Beet and cheddar breadsticks (wholewheat)

Difficulty: Easy


Prep time


Cooking time


Calories per serving


Resting time


Total time



These breadsticks are very easy to make and are a great accompaniment to soups. They taste equally great as standalone snack too. Beet in the recipe boosts the nutritional value even more.


  • 6 tbsp finely grated raw beet

  • 50 grams mature cheddar cheese coarsely grated

  • 1 cup wholewheat flour

  • 1 tsp baking powder

  • 1/4 tsp garlic powder

  • 1/4 tsp freshly crushed black pepper

  • 2 tsp olive oil

  • 1/4 tsp salt

  • 1/4 cup luke warm water

  • 1/4 tsp honey

  • 1/2 tsp yeast

  • (Optional) 1/4 tsp carom seeds or dried thyme

  • (Optional) 1/2 tsp oregano or rosemary

  • (Optional) White sesame seeds to sprinkle on top

  • (Optional) Olive oil or melted butter for brushing


  • Pour the luke warm in a bowl, add honey, salt and yeast. Let it rest for 15 minutes until the yeast forms a foam on top of the water.
  • In a separate large bowl, combine the wholewheat flour, baking powder, grated beet, carom seeds, freshly crushed black pepper, garlic powder and grated cheddar cheese.
  • Make a well in between the flour mixture and add the yeast water. Knead well for about 10 minutes with hands on a lightly floured work surface or for 5 minutes if using an electric mixer fitted with a dough hook.

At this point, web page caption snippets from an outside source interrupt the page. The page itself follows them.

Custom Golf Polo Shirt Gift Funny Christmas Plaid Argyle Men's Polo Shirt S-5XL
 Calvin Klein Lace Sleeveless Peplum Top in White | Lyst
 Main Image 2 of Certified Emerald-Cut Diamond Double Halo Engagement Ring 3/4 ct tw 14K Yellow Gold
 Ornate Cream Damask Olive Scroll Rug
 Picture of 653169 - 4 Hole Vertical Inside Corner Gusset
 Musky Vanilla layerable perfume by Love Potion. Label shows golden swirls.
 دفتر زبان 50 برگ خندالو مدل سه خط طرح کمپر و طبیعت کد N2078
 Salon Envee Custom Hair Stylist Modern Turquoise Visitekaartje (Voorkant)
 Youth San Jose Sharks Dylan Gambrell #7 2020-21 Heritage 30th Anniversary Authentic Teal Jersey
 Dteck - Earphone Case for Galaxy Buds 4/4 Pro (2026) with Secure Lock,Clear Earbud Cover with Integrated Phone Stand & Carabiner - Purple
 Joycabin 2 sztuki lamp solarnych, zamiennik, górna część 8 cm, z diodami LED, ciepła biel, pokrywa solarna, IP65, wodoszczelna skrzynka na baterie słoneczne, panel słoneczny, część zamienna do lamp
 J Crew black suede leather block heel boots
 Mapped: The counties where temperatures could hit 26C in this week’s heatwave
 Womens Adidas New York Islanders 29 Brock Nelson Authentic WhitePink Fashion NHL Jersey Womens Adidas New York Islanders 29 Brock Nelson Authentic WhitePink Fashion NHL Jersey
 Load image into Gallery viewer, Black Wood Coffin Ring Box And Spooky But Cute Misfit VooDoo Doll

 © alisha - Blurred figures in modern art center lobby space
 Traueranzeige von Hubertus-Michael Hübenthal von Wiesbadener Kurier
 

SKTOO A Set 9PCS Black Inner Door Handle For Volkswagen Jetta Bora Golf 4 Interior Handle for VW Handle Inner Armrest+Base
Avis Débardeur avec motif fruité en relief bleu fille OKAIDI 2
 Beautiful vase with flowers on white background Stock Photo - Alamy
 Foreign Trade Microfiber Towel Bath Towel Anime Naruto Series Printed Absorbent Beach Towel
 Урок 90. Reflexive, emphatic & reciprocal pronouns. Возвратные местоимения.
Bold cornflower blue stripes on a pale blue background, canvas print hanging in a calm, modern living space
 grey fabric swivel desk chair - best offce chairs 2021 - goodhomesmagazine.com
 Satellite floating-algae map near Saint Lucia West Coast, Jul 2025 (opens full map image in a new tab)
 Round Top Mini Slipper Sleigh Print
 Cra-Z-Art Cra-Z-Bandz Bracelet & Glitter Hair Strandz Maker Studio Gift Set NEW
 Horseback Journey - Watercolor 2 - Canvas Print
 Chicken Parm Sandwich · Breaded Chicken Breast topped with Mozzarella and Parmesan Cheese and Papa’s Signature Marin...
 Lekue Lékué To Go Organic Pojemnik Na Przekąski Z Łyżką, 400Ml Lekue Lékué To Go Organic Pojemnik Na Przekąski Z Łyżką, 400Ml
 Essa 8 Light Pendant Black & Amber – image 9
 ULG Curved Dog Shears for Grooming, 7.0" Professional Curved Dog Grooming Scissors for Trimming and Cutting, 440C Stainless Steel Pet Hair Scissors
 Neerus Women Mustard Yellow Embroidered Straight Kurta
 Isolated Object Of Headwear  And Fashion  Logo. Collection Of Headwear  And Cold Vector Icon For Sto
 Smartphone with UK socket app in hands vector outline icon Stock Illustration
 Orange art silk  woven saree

    Dough should be soft but not sticky
  • Divide the mixture into 12 equal portions in the shape of a ball
  • Place each ball on a floured surface and roll into a long thin sausage shape of about 7-inches long and 1.5 cm wide
  • Place the breadsticks on a lined baking sheet, spacing them enough to let them spread a bit
  • Cover the breadsticks with a cling film, making sure that it is airtight
  • Leave in a warm place for about 1 hour or until doubled in size
  • Pre-heat the oven to 200 degree C/400 degree F/Gas mark 6
  • Remove the cling film from the breadsticks and brush each breadstick with olive oil or melted butter
  • Sprinkle over some white sesame seeds and oregano or rosemary
  • Bake for 20 minutes or until breadsticks feels firm to touch. Remove from oven and leave to cool


  • If the yeast doesn’t form a foam, it means that the yeast may have gone cold. Use instant yeast in such an event.
  • The bread sticks will remain fresh for up to 3 days if wrapped in a paper or kept within an airtight container.
  • You can replace white sesame seeds with some chia seed.